Oscillations Make Neural Networks Robust to Quantization
This work addresses the challenge of maintaining model accuracy under quantization for neural networks, particularly in finding weights robust to bit changes, which is an incremental advance over current methods that struggle to match QAT accuracy at specific bits.
The paper tackles the problem of model performance degradation during quantization by proposing a novel regularization method that induces weight oscillations to improve robustness, achieving results that match QAT accuracy at >= 3-bit weight quantization and maintain close to full precision accuracy at higher bits.

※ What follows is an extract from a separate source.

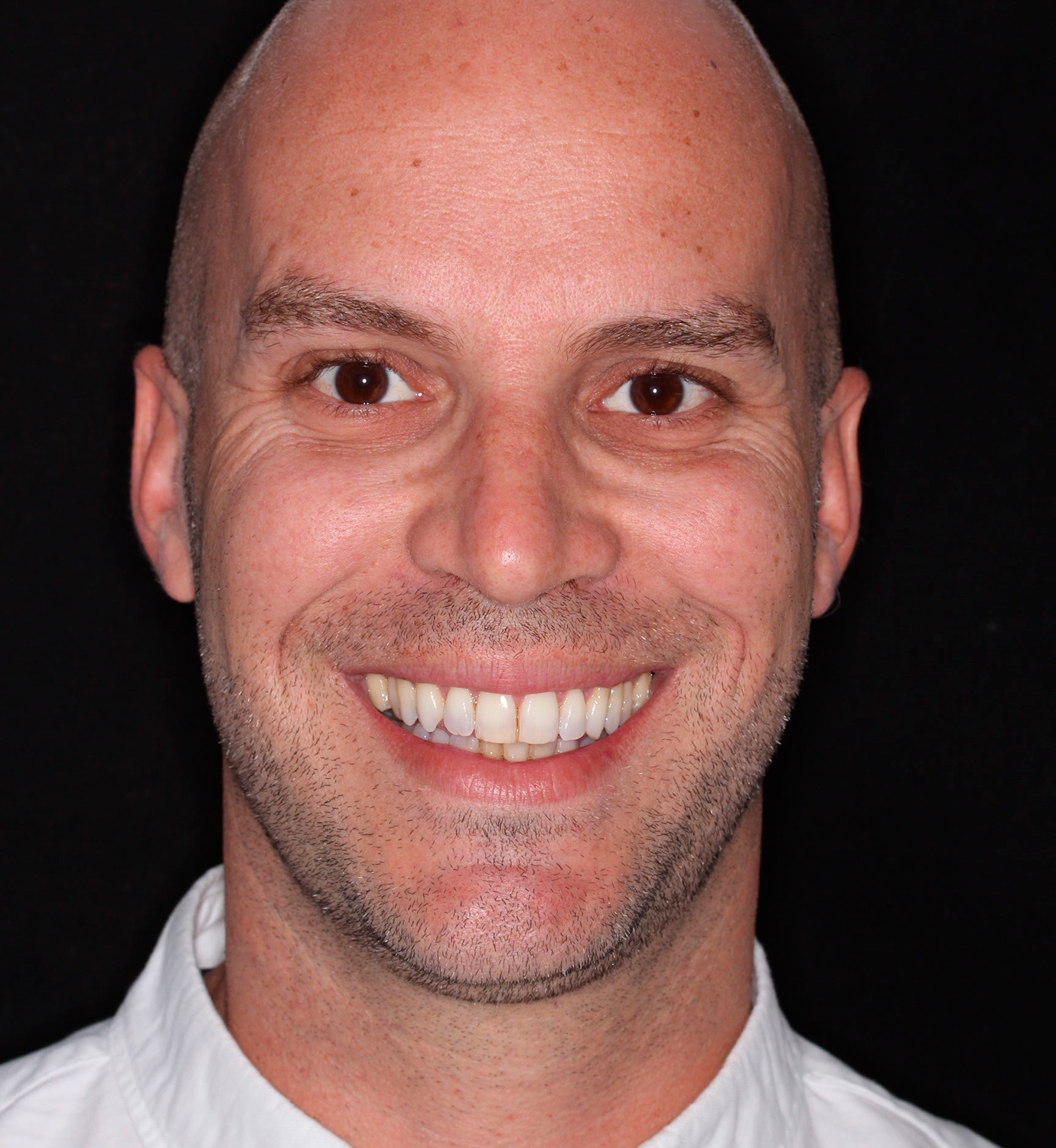 fotografía de antes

We challenge the prevailing view that oscillations in Quantization Aware Training (QAT) are merely undesirable artifacts caused by the Straight-Through Estimator (STE). Through theoretical analysis of QAT in linear models, we demonstrate that the gradient of the loss function can be decomposed into two terms: the original full-precision loss and a term that causes quantization oscillations. Based on these insights, we propose a novel regularization method that induces oscillations to improve quantization robustness. Contrary to traditional methods that focuses on minimizing the effects of oscillations, our approach leverages the beneficial aspects of weight oscillations to preserve model performance under quantization. Our empirical results on ResNet-18 and Tiny ViT demonstrate that this counter-intuitive strategy matches QAT accuracy at >= 3-bit weight quantization, while maintaining close to full precision accuracy at bits greater than the target bit. Our work therefore provides a new perspective on model preparation for quantization, particularly for finding weights that are robust to changes in the bit of the quantizer -- an area where current methods struggle to match the accuracy of QAT at specific bits.